[Saved entries]

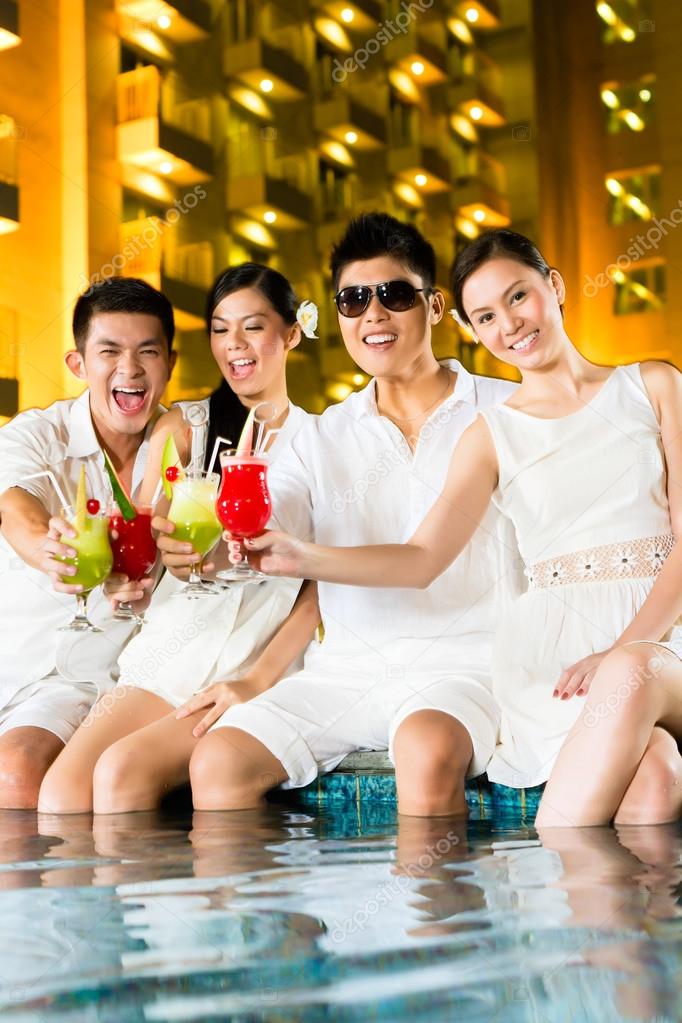 Chinese couples drinking cocktails in hotel pool bar — Stock Photo
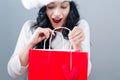 Happy young woman with santa hat holding a shopping bag Royalty Free Stock Photo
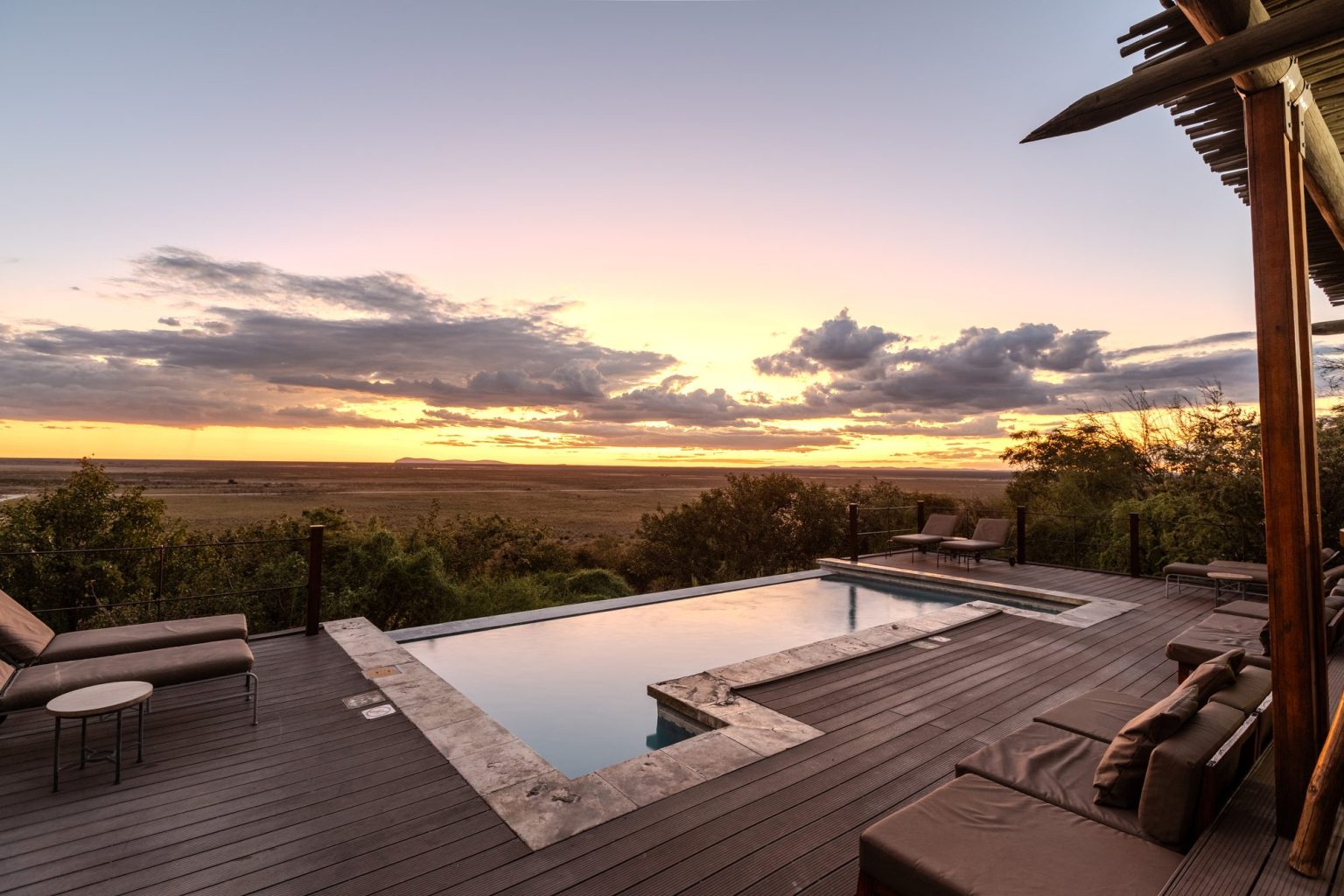 Pool deck at sunset overlooking western Etosha from Dolomite Camp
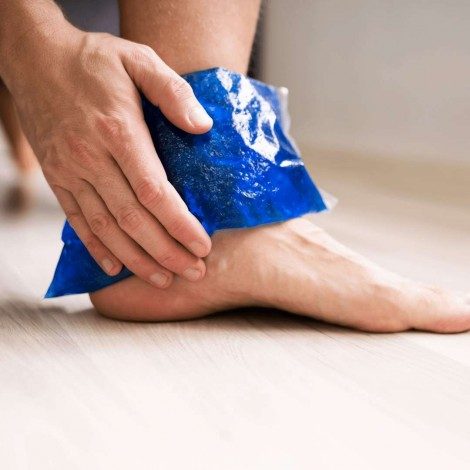 A man holding an ice pack against his painful ankle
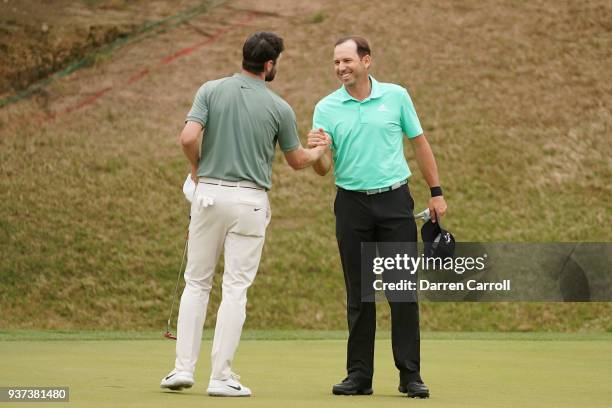 Kyle Stanley of the United States shakes hands with Sergio Garcia of Spain after defeating him 3&1 on the 17th green during the fourth round of the...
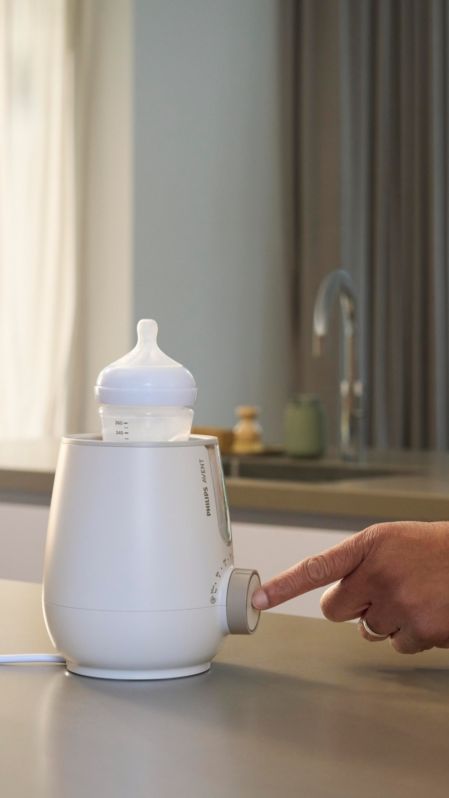 Parent using Premium 2-in-1 Warmer & Sterilizer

#### Aim of the task
Copy exactly the lines that begin at the one containing "Happy young woman" and end at the last line of the records, both included, omitting the pictures.

#### Result below
 Happy young woman with santa hat holding a shopping bag Royalty Free Stock Photo
 Pool deck at sunset overlooking western Etosha from Dolomite Camp
 A man holding an ice pack against his painful ankle
 Kyle Stanley of the United States shakes hands with Sergio Garcia of Spain after defeating him 3&1 on the 17th green during the fourth round of the...
 Parent using Premium 2-in-1 Warmer & Sterilizer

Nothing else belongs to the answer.